How to complete this task:
With any pictures left out, restate word for word the lines in the listing below from the one holding "Hanging Kitchen Accessory" through the last.

::: Recorded data :::

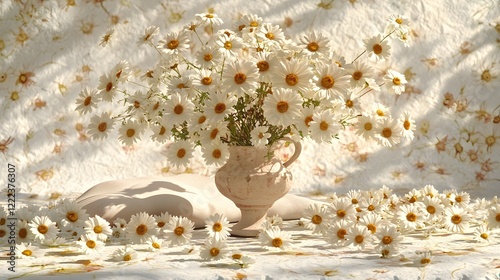 Stunning Bouquet of White Daisies in Vintage Vase Still Life Photography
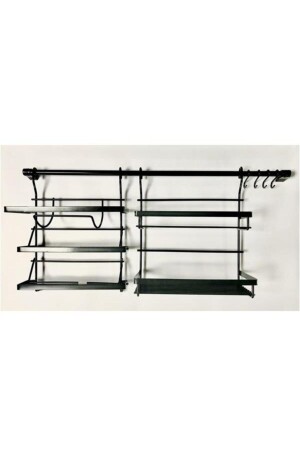 Hanging Kitchen Accessory Set Foil Rack Spice Jar Set Black, With Two 50 Cm Pipes 6545221233252 - vomex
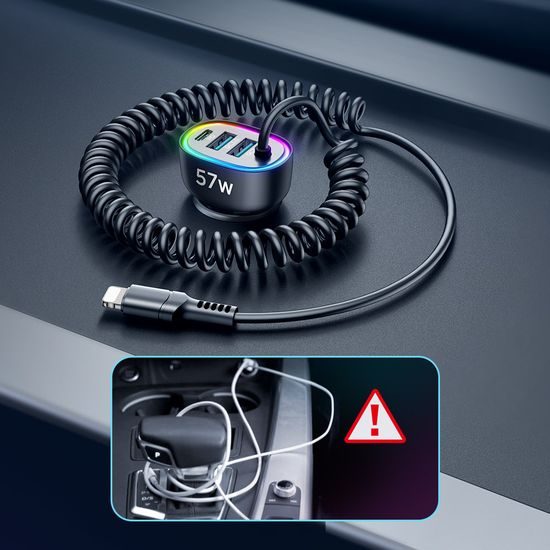 Joyroom 4v1 rychlá nabíječka do auta PD, QC3.0, AFC, FCP s kabelem Lightning, 1,6 m, 57 W, černá (JR-CL20)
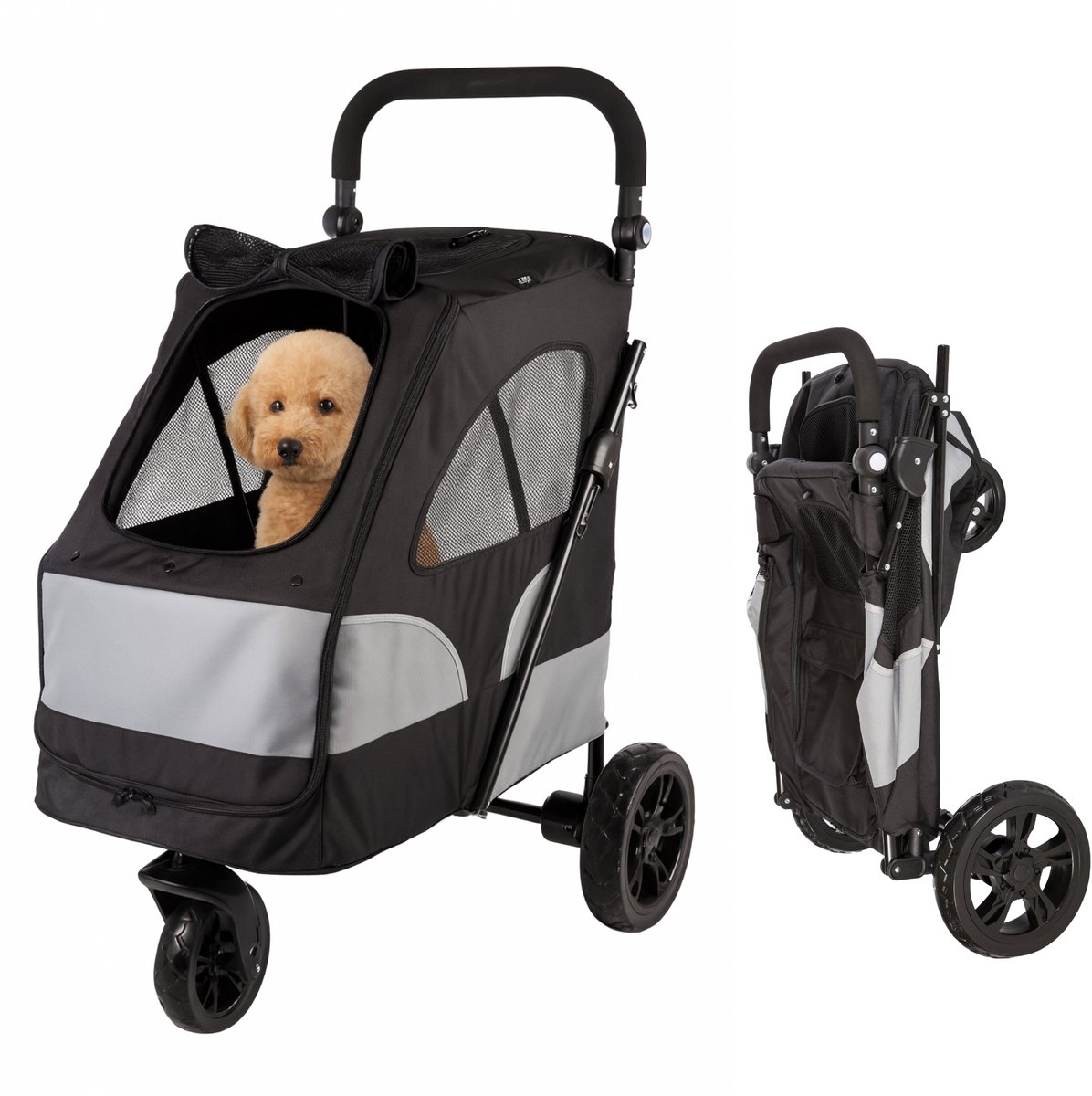 Bol.com HiPet® Inklapbare Hondenbuggy Flash (tot 20kg) - Zwart & Grijs aanbieding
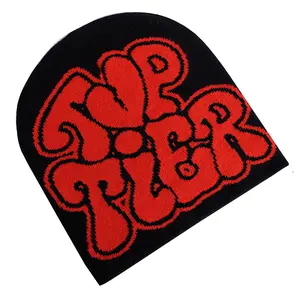 Trendy pullover double-sided jacquard knitted hat with multi-color letters for men and women, adult woolen knitted hat, warm and cold-proof, versatile street hip-hop hat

:::

Task output:
 Hanging Kitchen Accessory Set Foil Rack Spice Jar Set Black, With Two 50 Cm Pipes 6545221233252 - vomex
 Joyroom 4v1 rychlá nabíječka do auta PD, QC3.0, AFC, FCP s kabelem Lightning, 1,6 m, 57 W, černá (JR-CL20)
 Bol.com HiPet® Inklapbare Hondenbuggy Flash (tot 20kg) - Zwart & Grijs aanbieding
 Trendy pullover double-sided jacquard knitted hat with multi-color letters for men and women, adult woolen knitted hat, warm and cold-proof, versatile street hip-hop hat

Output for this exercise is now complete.